### WORK TO BE COMPLETED
Exactly reproduce the lines from the one holding "Las setas Especies" through the end of the records, including both boundary lines but no pictures.

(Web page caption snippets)

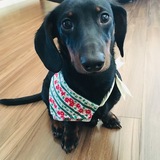 Entry image for Arlo Winston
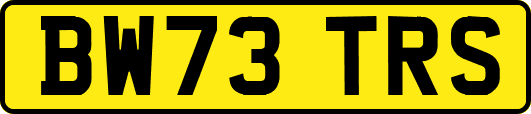 BW73TRS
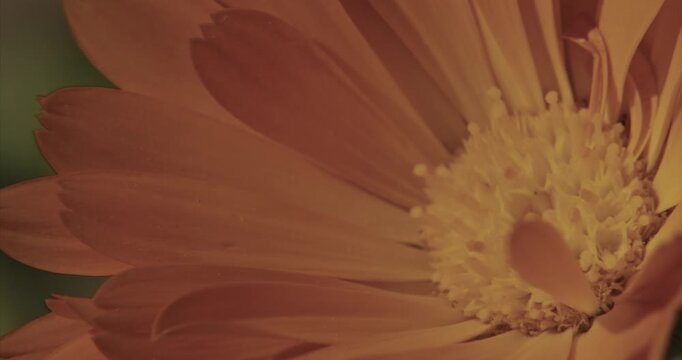 Close-Up Of Bright Orange Flower Petals In Soft Light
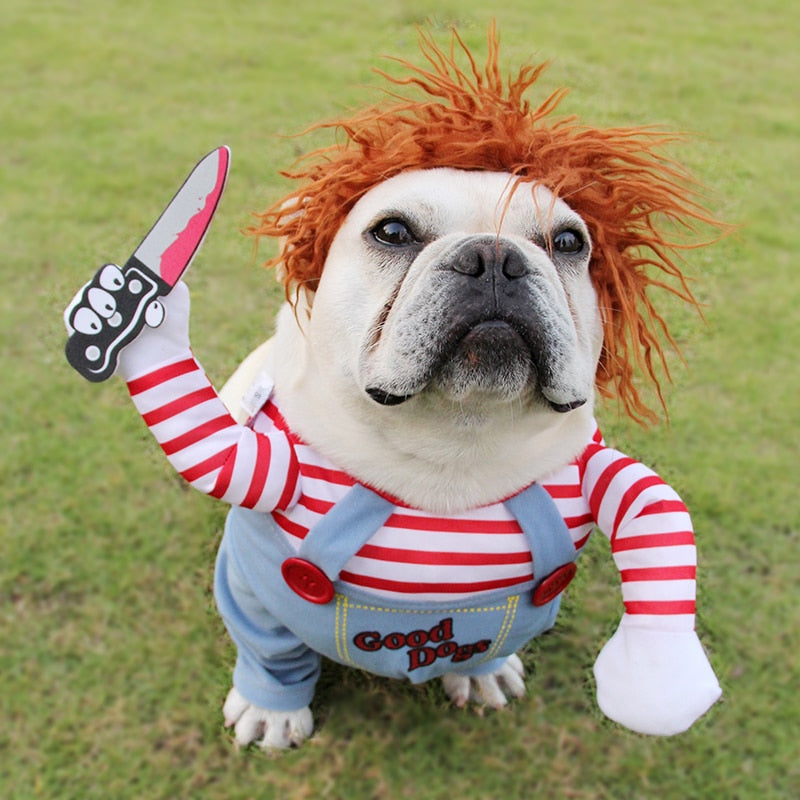 KFX-3871805 Adjustable Funny Halloween Dog Costume with Wig and Accessory for Parties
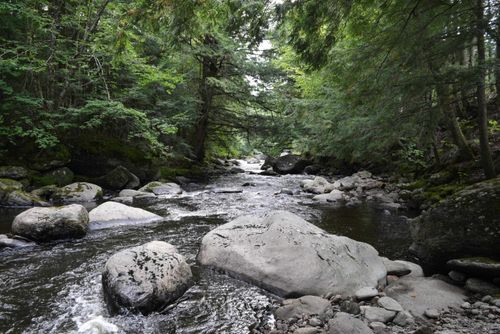 120 Sullys Dr, Belvidere Center, VT, 05442 | Card Image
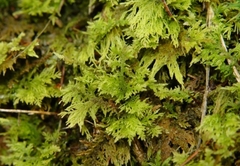 Thuidium tamariscinum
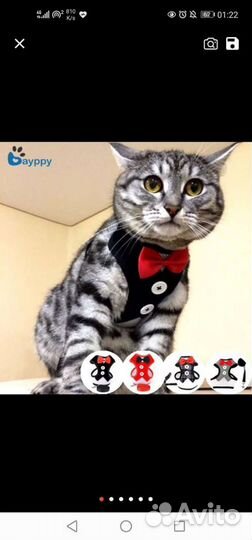Шлейка для кошки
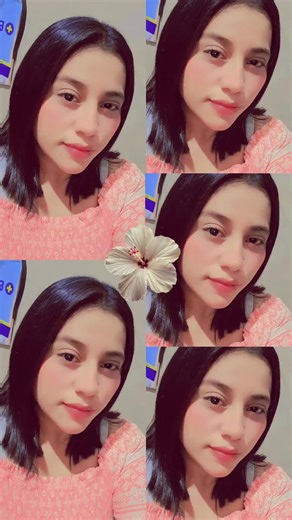 #flypシ 🌸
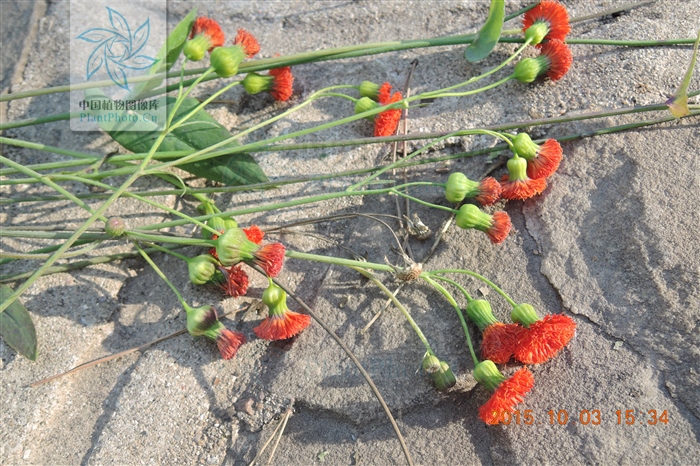 止血丹属于什么剂,止血丹的功效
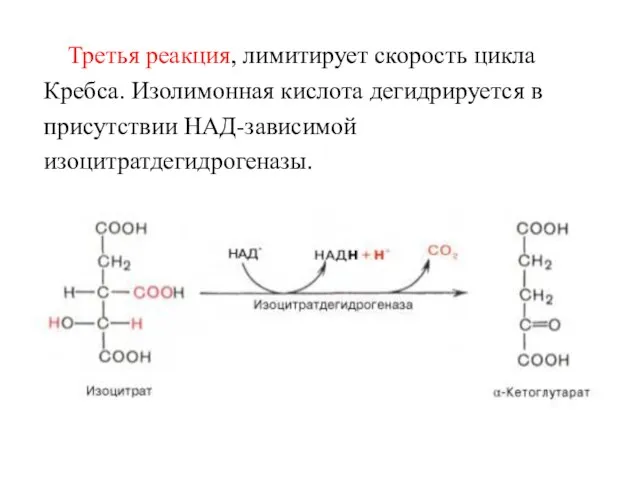 Третья реакция, лимитирует скорость цикла Кребса. Изолимонная кислота дегидрируется в присутствии НАД-зависимой изоцитратдегидрогеназы.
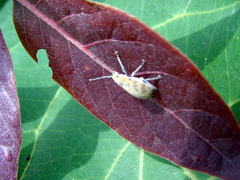 Myllocerina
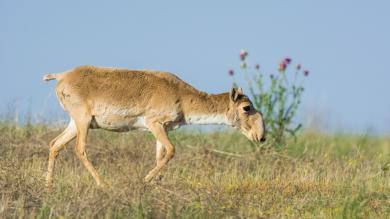 О чем поют барханы калмыцкой степи?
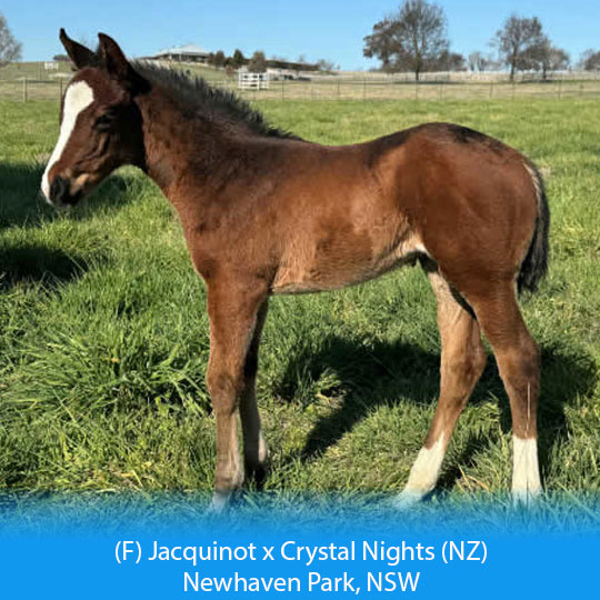 Jacquinot x Crystal Nights filly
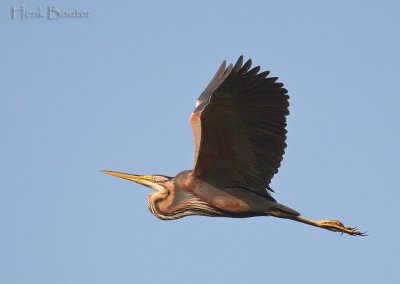 purperreiger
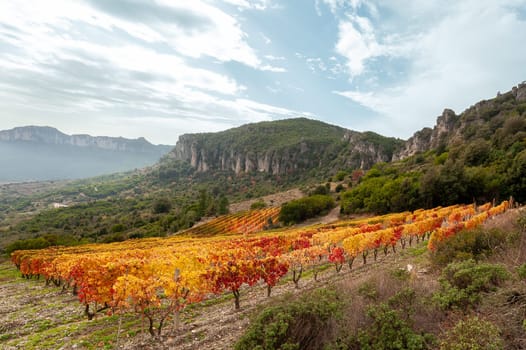 Mountain landscape in autumn with vineyards with colorful red and yellow leaves, Sardinia, Italy. Traditional agriculture. Beautiful colors in autumn.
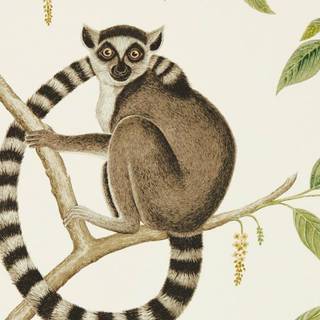 Ring tailed lemur wallpaper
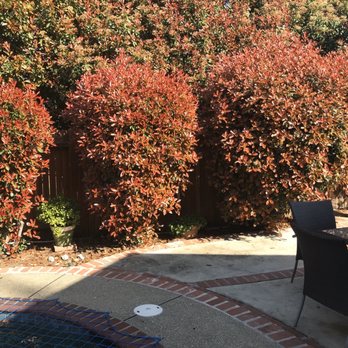 Easy Stumps Tree Services - 3 bushes - Tree Services Near Me - Folsom, California Easy Stumps Tree Services - 3 bushes - Tree Services Near Me - Folsom, California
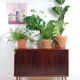 Danish vintage furniture with rosewood sliding doors Hundevad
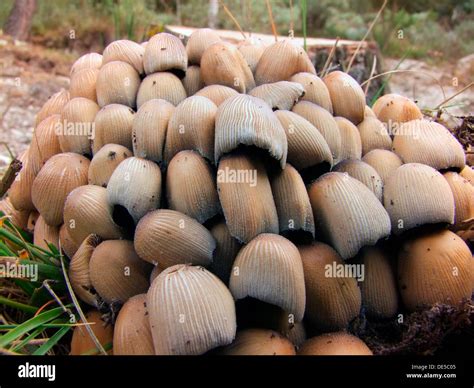 Las setas Especies de registros Nombre común Coprino Micaceous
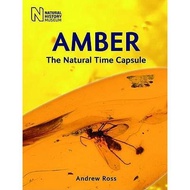 预订 Amber: The Natural Time Capsule [9780565092580]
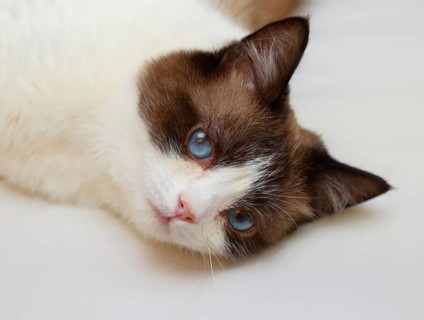 Snowshoe cat portrait at home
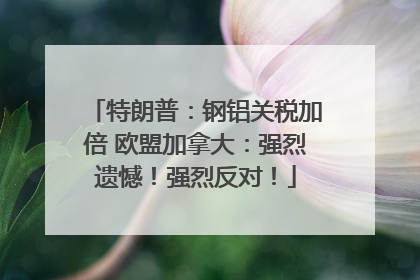 特朗普：钢铝关税加倍 欧盟加拿大：强烈遗憾！强烈反对！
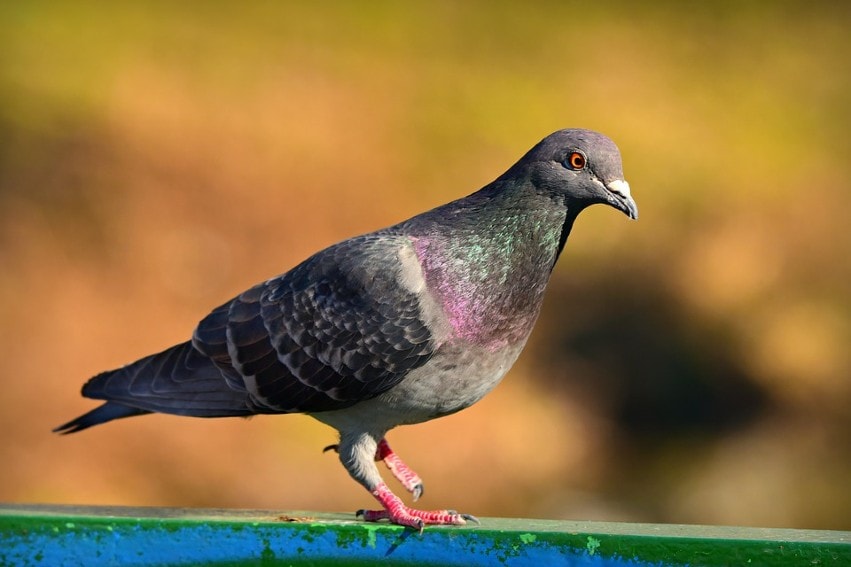 pigeon resting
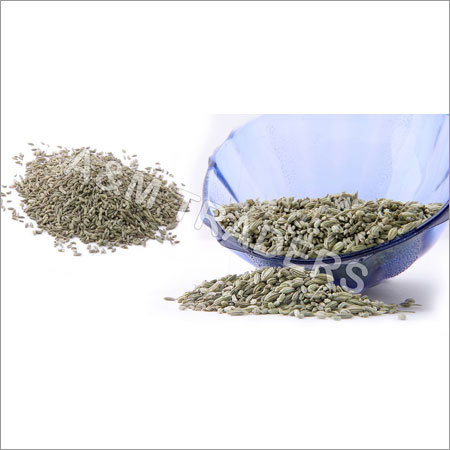 Fennel Seed Fennel Seed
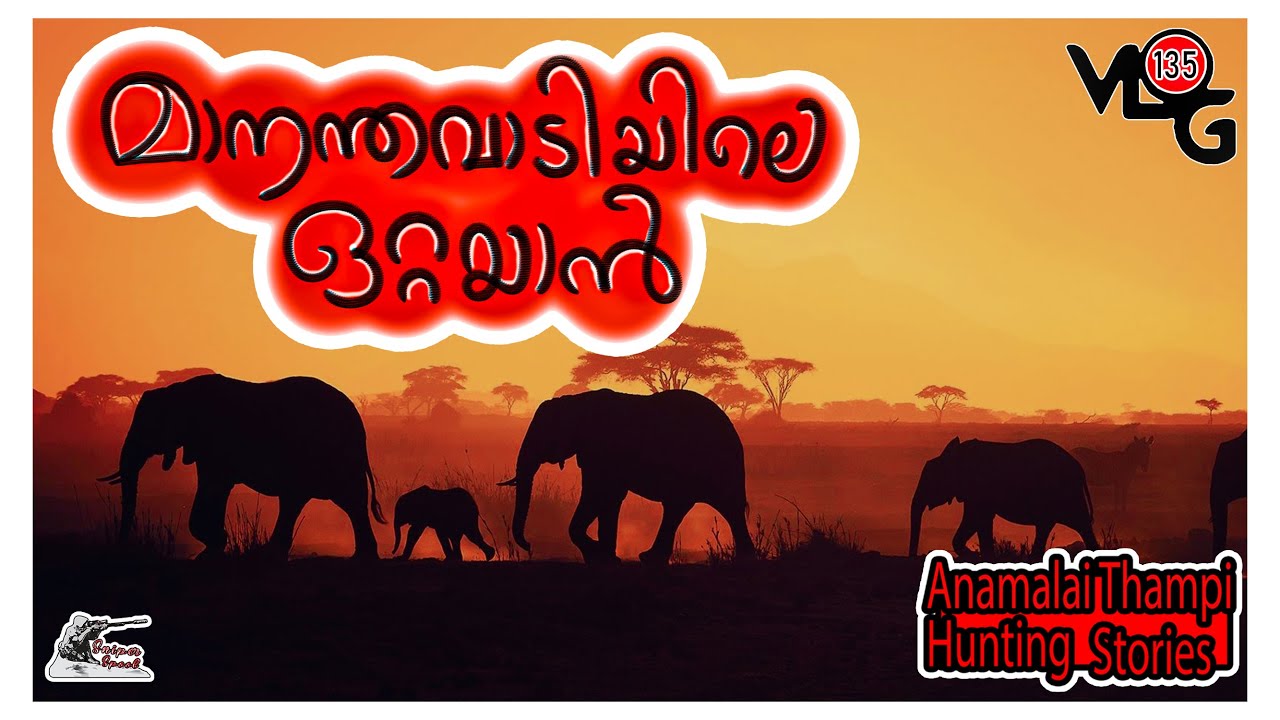 മാനന്തവാടിയിലെ ഒറ്റയാൻ | Rogue Elephant | Anamalai Thampi | Sniper Spool | Hunting Story Malayalam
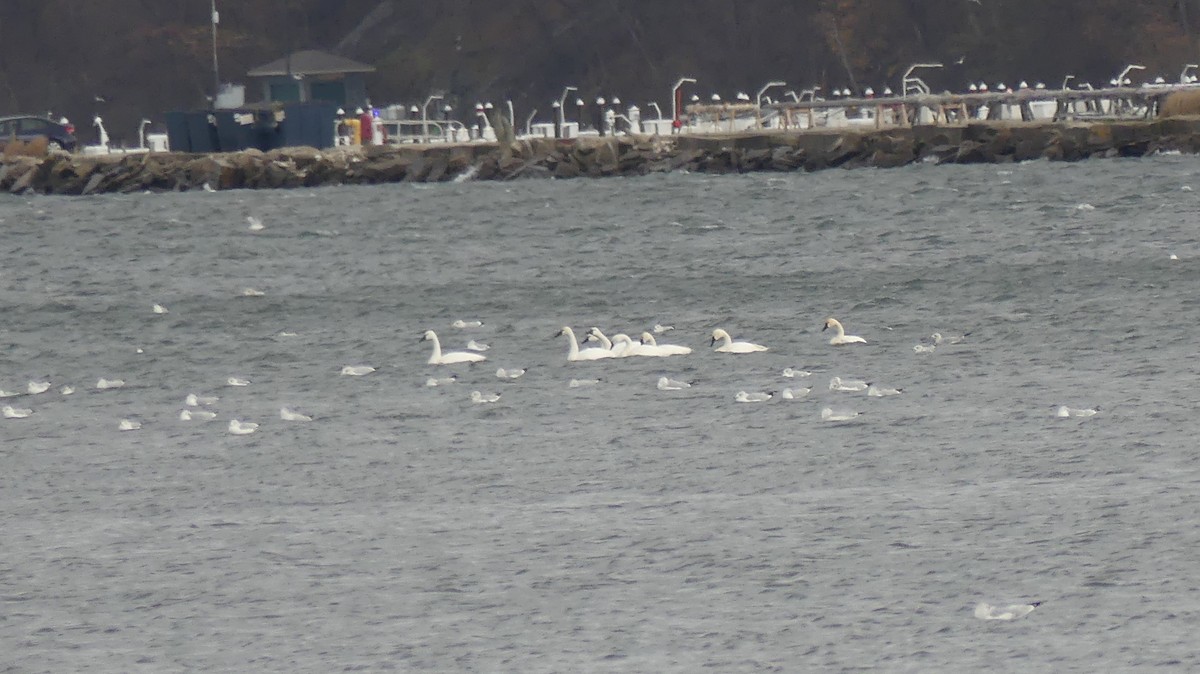 コハクチョウ - ML645362176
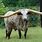 Biggest Longhorn Bull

### ANSWER TO THIS EXERCISE
 Las setas Especies de registros Nombre común Coprino Micaceous
 预订 Amber: The Natural Time Capsule [9780565092580]
 Snowshoe cat portrait at home
 特朗普：钢铝关税加倍 欧盟加拿大：强烈遗憾！强烈反对！
 pigeon resting
 Fennel Seed Fennel Seed
 മാനന്തവാടിയിലെ ഒറ്റയാൻ | Rogue Elephant | Anamalai Thampi | Sniper Spool | Hunting Story Malayalam
 コハクチョウ - ML645362176
 Biggest Longhorn Bull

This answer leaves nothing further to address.